“No,” she answered. “It seems that the drivers of the coach lost their way. The horses were poor beasts, and, owing to many halts on the road, our progress was slow. When I first entered the house, an old woman led me to the room in which you found me. The ropes on my wrists and ankles had been removed soon after I left London, but I was not allowed to remove the cloak until after the old woman had closed the door on me. Then I sat down so stunned that I could hardly think. But it seemed only a few minutes till I heard dear, brave Betty at the window. You must have come rapidly.”
When we told Frances our side of the story, how Betty had come to Whitehall to see me and had been the real leader throughout it all, Frances leaned forward and kissed the girl, saying:—
“God bless her, and you, too, Baron Ned. She is worthy of you, and you have my consent.”
In further discussing Frances’s journey, she said that the men who were with her in the coach were masked and that she did not know them, but she was sure neither was the king. They did not speak, save to tell the driver to travel slowly to avoid reaching the house too far ahead of the “other coach.”
The other coach, which Frances said she heard enter the gate, arrived not more than ten minutes before we reached Merlin House, and it is probable that we were undisturbed in our rescue because of the fact that supper was in progress.
It was nearly three o’clock by George’s watch when we reached the dark clump of houses standing west of Covent Garden, and within less than half an hour we were in the cozy courtyard of the Old Swan.
Pickering was waiting for us, having kept vigil alone since midnight. When he saw me carrying Betty from the coach, he ran to us with a cry and snatched her from my arms. We followed him into the house where we found him weeping over the girl, and kissing her hands as she lay on a bench near the fire.
“What have you been doing? Have you killed my little girl?” he asked sorrowfully.
“I hope not, Pickering,” I answered. “She had a fall of not more than eight or ten feet, and although I fear she is hurt, I am sure the injury is not serious, as I caught her and broke the fall.”
“Let us take her to bed,” suggested Frances.

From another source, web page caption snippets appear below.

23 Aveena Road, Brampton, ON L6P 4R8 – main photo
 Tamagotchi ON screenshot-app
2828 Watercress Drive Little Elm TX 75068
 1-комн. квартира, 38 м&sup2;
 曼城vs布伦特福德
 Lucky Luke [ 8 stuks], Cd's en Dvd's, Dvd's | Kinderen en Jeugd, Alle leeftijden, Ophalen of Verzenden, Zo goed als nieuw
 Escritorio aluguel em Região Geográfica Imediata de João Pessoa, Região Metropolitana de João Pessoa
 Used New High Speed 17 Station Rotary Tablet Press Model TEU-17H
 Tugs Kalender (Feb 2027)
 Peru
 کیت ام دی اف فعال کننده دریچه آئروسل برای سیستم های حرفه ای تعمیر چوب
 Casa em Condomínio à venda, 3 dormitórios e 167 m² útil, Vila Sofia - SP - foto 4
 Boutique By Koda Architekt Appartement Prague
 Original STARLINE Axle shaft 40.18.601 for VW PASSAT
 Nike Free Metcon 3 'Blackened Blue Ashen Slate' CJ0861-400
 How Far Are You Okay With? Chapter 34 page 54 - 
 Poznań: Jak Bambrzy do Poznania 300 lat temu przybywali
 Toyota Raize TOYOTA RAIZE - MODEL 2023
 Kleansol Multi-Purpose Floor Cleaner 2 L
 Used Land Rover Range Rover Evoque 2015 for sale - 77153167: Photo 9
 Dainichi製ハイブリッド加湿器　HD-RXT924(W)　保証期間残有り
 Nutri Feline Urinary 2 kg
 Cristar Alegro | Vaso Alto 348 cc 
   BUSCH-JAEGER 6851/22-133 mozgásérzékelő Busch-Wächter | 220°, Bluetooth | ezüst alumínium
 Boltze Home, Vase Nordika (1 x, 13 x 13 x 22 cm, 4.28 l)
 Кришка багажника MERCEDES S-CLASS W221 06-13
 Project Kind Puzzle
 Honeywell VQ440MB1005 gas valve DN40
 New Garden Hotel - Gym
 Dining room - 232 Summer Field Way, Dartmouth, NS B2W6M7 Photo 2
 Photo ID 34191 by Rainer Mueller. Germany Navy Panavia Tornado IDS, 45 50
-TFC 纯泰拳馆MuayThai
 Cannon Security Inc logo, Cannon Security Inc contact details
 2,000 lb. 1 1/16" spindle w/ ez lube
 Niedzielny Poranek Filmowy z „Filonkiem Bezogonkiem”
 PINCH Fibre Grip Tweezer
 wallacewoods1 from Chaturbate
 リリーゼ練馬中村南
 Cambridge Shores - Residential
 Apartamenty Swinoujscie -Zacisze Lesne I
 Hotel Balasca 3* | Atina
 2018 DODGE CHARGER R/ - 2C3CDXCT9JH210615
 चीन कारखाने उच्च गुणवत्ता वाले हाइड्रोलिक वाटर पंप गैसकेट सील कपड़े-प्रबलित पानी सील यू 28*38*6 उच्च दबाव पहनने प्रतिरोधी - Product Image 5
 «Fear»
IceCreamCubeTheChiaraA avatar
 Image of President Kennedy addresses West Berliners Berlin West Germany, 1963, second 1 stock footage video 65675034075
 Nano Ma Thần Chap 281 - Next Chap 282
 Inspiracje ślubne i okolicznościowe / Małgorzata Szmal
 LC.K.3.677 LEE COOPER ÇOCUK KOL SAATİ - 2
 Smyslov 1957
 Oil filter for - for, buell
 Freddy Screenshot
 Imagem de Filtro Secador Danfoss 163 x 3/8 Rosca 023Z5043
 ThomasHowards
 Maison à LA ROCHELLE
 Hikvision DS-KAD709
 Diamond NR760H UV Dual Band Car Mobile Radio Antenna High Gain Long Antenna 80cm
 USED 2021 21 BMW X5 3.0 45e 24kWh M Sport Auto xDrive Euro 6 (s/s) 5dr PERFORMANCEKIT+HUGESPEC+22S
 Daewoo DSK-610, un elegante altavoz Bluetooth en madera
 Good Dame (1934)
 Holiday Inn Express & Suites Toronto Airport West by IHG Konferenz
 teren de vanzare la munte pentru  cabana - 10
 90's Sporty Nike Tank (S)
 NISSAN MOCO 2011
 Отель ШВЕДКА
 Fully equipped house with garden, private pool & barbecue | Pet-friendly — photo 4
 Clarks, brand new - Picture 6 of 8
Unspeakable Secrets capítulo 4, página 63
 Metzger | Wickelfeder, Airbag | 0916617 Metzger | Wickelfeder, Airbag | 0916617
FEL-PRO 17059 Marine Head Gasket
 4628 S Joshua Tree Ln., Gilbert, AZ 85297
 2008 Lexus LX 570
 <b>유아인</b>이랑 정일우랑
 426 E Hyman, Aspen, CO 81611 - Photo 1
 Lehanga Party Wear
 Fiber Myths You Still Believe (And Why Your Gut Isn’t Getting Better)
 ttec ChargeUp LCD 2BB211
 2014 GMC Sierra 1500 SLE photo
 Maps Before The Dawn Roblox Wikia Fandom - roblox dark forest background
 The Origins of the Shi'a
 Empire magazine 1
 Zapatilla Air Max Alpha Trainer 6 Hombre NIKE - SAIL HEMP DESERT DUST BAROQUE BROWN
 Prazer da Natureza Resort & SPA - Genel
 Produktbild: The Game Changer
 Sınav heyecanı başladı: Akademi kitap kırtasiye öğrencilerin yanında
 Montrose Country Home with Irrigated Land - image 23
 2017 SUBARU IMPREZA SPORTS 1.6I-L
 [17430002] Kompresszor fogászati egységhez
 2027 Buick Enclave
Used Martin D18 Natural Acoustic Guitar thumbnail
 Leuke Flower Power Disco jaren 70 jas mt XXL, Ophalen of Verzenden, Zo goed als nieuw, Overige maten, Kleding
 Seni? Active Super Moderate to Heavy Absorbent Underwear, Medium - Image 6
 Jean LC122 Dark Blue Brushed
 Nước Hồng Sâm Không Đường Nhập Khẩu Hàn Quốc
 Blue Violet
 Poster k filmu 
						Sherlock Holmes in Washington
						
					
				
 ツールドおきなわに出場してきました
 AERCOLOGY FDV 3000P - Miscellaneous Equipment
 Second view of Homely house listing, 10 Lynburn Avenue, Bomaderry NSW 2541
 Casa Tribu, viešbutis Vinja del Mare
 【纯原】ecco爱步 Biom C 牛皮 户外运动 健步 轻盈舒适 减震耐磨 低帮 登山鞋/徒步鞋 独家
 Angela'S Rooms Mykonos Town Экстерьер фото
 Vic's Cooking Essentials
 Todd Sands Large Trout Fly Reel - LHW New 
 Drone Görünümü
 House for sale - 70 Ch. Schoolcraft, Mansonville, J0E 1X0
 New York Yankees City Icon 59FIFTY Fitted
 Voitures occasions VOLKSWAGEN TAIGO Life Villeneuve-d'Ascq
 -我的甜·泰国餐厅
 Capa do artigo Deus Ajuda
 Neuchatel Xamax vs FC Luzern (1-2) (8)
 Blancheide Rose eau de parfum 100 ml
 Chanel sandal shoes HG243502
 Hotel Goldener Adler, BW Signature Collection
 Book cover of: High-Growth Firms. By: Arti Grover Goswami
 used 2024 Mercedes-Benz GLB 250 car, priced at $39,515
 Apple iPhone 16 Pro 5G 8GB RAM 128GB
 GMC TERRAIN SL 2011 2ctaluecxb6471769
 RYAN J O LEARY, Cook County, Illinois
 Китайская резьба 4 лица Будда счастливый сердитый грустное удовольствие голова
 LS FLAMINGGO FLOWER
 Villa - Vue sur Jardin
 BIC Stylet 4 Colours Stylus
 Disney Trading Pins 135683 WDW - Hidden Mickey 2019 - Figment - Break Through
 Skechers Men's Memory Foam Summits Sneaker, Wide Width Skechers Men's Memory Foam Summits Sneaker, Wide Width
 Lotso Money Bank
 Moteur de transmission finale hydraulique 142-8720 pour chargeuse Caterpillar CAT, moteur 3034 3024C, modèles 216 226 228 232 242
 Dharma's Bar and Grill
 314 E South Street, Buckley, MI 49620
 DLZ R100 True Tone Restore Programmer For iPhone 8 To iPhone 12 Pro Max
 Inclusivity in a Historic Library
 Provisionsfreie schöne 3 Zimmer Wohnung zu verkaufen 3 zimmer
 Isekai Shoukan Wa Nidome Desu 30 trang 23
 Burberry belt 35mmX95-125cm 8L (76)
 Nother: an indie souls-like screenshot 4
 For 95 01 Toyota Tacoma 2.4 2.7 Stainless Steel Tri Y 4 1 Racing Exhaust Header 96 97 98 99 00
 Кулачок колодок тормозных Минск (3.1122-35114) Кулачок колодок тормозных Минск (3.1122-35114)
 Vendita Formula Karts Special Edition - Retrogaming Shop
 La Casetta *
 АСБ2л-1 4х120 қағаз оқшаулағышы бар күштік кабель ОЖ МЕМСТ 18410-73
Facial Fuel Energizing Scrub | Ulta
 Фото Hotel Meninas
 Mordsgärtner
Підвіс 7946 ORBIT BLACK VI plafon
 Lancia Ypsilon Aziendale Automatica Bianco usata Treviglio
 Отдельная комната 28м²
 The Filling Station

George went to fetch Doctor Price, the surgeon, and I carried Betty upstairs. I laid her on the bed, and after I had talked a few minutes with Pickering, explaining to him the events of the night, and telling him of Betty’s glorious part in our success, I went downstairs to wait in the tap-room for George and the surgeon.
Presently they came, and George and I followed the surgeon to Betty’s door, where we waited in the hallway outside to hear his report. Presently Frances came out to tell us that Betty’s injuries were no greater than a few sprains and bruises, and that the surgeon said she would be well in a few days.